Como si estuvieses muerto coges la pluma o el ordenador y empiezas a escribir.
Como si estuvieses muerto te haces un café o un té, fumas un cigarrillo, regresas a tu cuarto y redactas algo como si estuvieses muerto.
Un hombre muerto escribiendo palabras muertas en un cuaderno de papel muerto que se va deshaciendo como arena sería una buena narración para los amantes del fin de los tiempos. La acción podría desarrollarse en Samarcanda cuando era la capital dorada de las estepas, o mejor en alguna aldea cerca de las montañas de la Locura.
Se supone que mientras dura el proceso de la escritura has de comportarte como un muerto, has de hacer el amor como si estuvieses muerto (siempre queda la esperanza de que a tus amantes les gusten los zombis), levantarte de la cama como si estuvieses muerto y reanudar la escritura como lo haría cualquier escritor muerto que tuviese que entregar en septiembre una novela a su editor muerto.
Sólo acierto a escribir algo cuando me siento vivo. Quizás es un error. Tendré que meditar, tendré que pensar que estoy dentro de un ataúd, en el cementerio de la Ciudad sin Nombre. El espacio es asfixiante hasta para un muerto: hace difícil la escritura, y no solo por el hecho de que la muerte sea la consagración del silencio.
Entonces le doy la vuelta al problema y pienso: escribir sería lo mismo que salir del espacio de la muerte, y toda escritura sólo podría ser gestada desde la vida y para la vida. ¡Fin de las pesadillas y los ejercicios espirituales! Qué alivio, amigos. ¡Acabo de salir del ataúd¡ ¡Ya puedo ponerme a escribir!

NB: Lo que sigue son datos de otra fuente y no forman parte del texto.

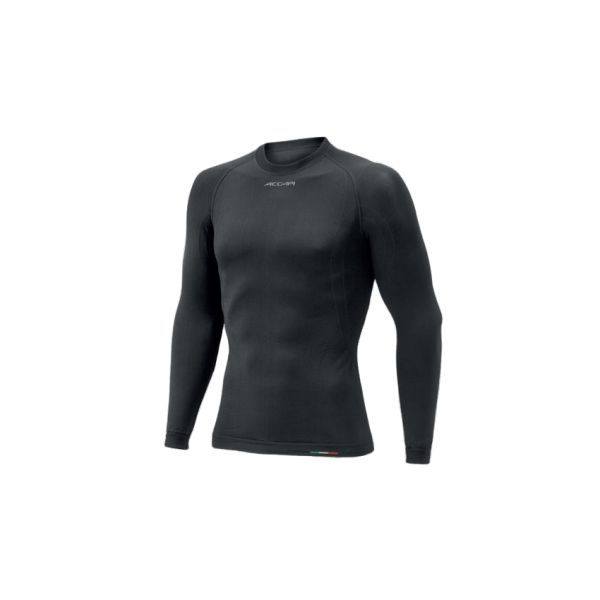 Functional wear Accapi Base Layer Long Sleeve SLICK Black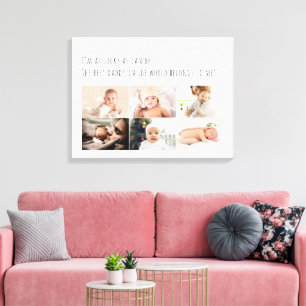 Väter Day Lucky Me Best Daddy Fotos Leinwanddruck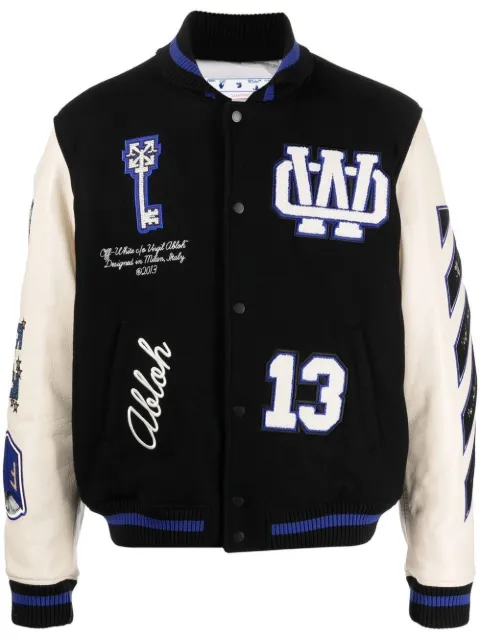 Elevate Your Style with the Louis Vuitton Patch Varsity Jacket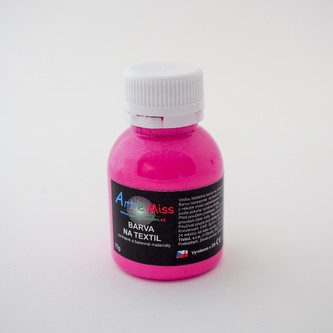 ARTEMISS Barva na tmavý textil 70g, pomerančová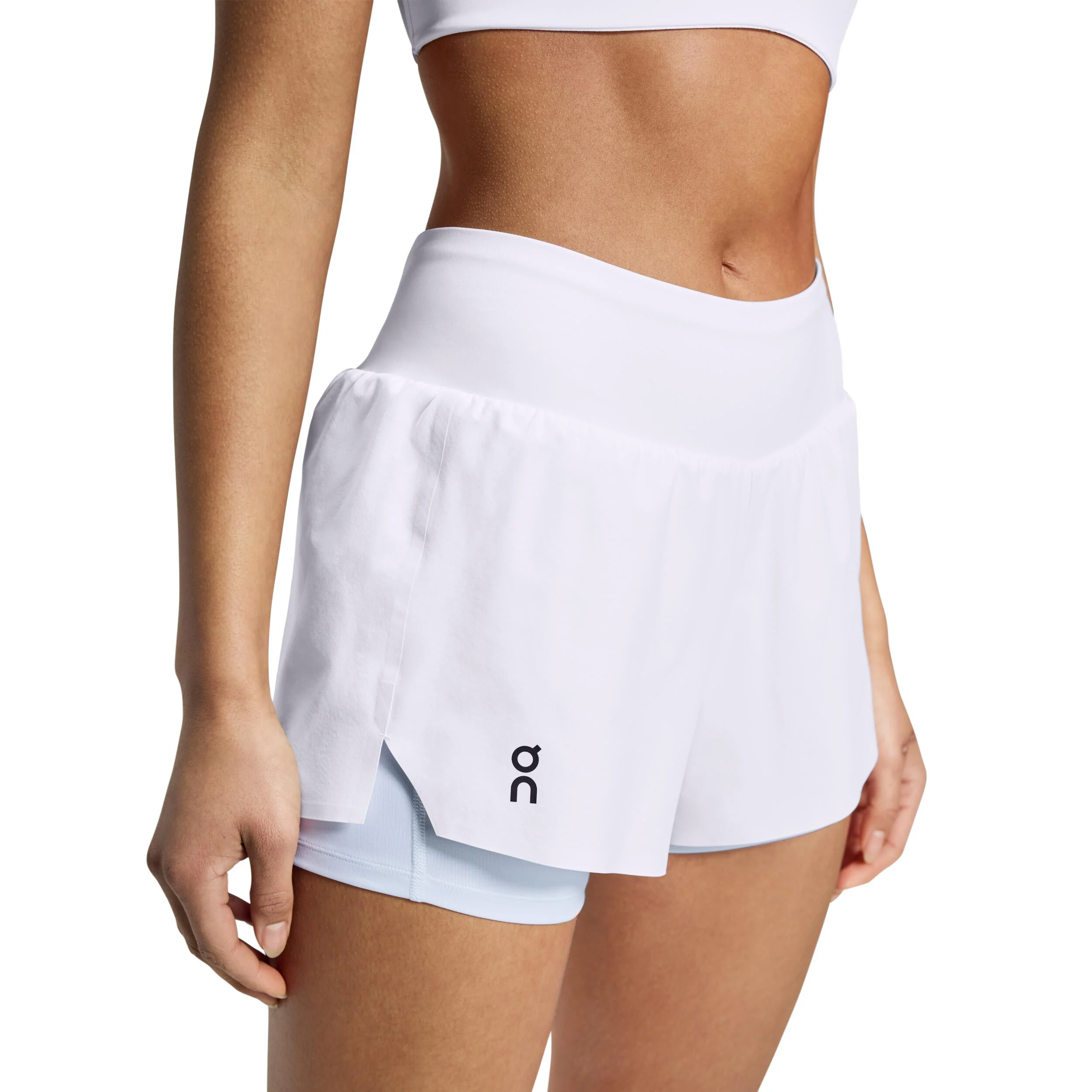Court Shorts Damen - Weiß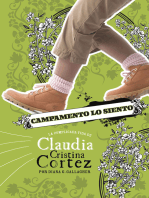 Campamento lo siento: La complicada vida de Claudia Cristina Cortez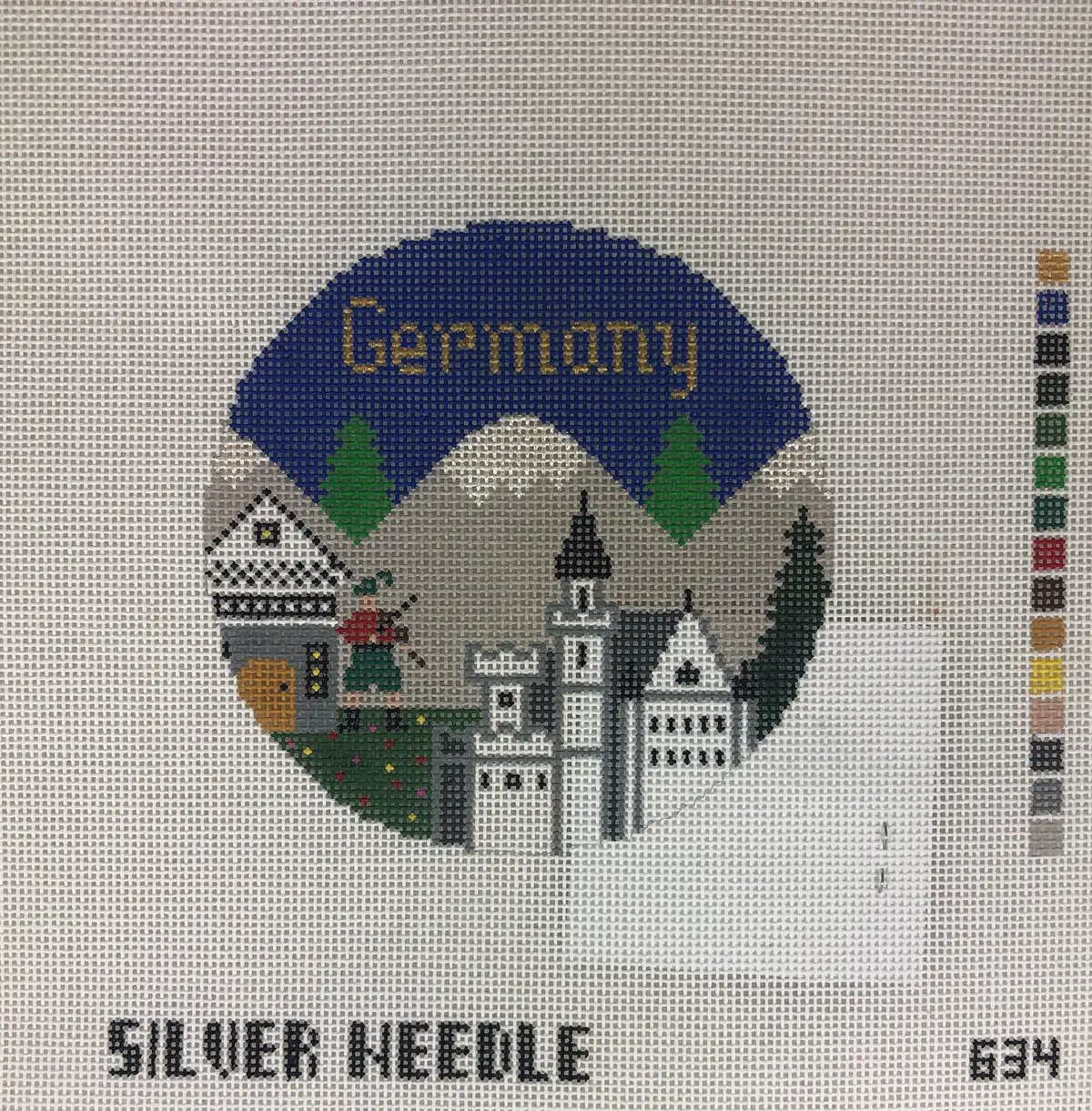 * Silver Needle 634 Germany Travel Round 1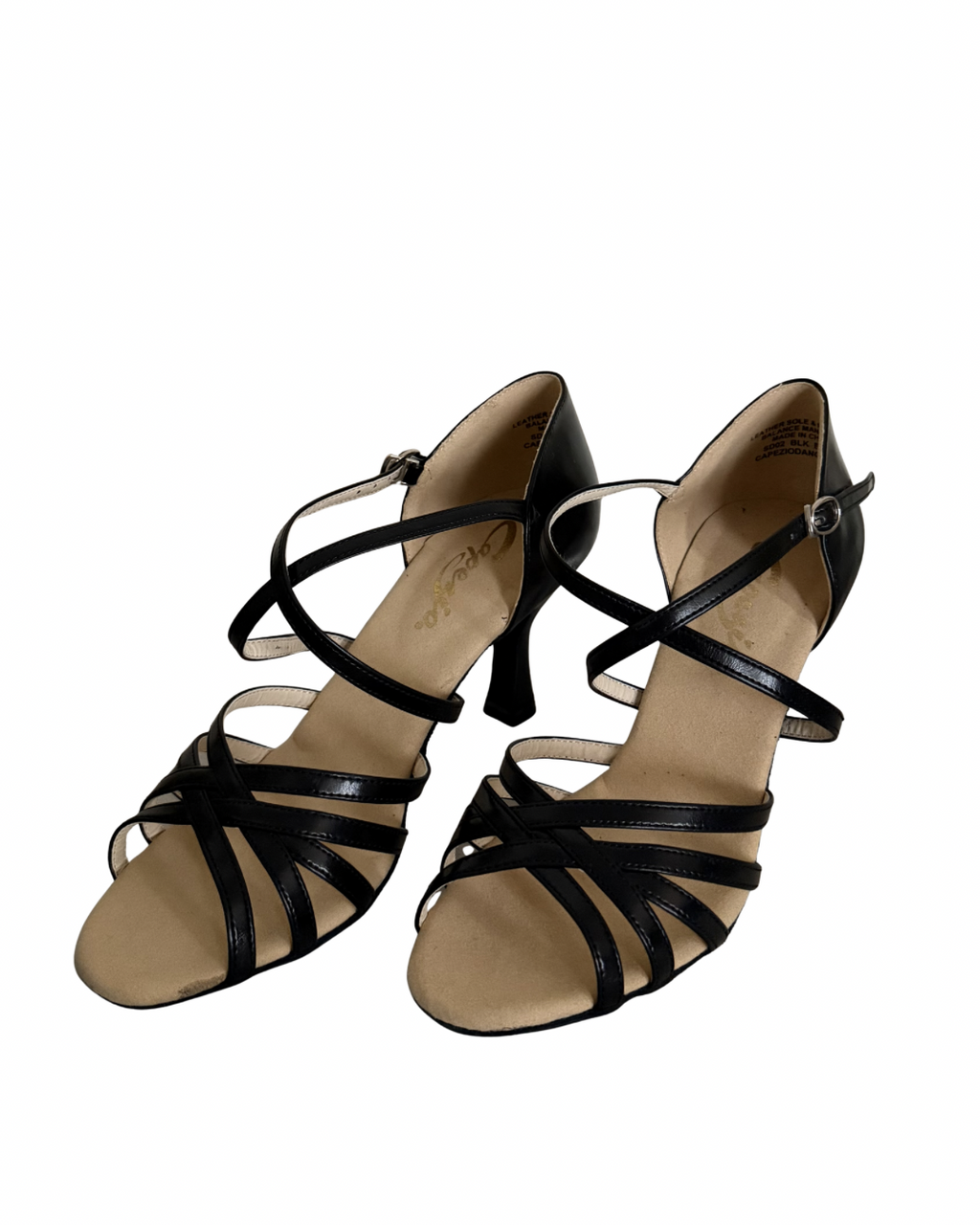 Capezio Rosa Ballroom Shoe - Size 8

Con razón decía Julia Kristeva que el que no ama o no crea está muerto. Dicho en otras palabras: cuando no amas y no creas te instalas en el espacio de la muerte, y si tuviésemos que escribir como si estuviésemos muertos la obra más convincente sería el libro en blanco. César Augusto lo expresó muy bien con unas cuantas palabras que además de proclamar el fin de la vida proclamaban el fin de la escritura. Es sabido que según la leyenda el emperador dijo al morir: “¡Se acabó la comedia, amigos. Aplaudid!”.
Obviamente, se trata de una sentencia que sólo puede formular alguien que ha sido durante bastante tiempo el director del gran teatro del mundo. No son palabras que queden demasiado bien en voz de un vagabundo, un guerrero, un labrador. Para decirlas has tenido que ser el rey del mundo: algo así como el dueño absoluto de la narración. Por eso no sólo indicas que la obra ha finalizado, también ordenas que todos lo presentes lo festejen con aplausos. Como debe ser.
Qué gloriosos los romanos, tan empeñados en hacer teatro clásico hasta el último suspiro. Ahora no cuidamos tanto los papeles y los escenarios, por eso ya nadie muere diciendo frases célebres en parajes legendarios. Estamos perdiendo mucha capacidad dramática. Todavía nuestros abuelos pasaban media vida tejiendo la frase con la que esperaban despedirse de la humanidad. Ahora ya nadie pierde el tiempo preparando su última escena en la opereta del mundo.
¿Pero no estaba hablando de escribir como si fueses un difunto? Ah, sí, la feliz pesadilla del hombre muerto escribiendo palabras muertas en un cuaderno de papel muerto que se va deshaciendo como arena. ¡Qué optimismo más radical! ¡Brindemos!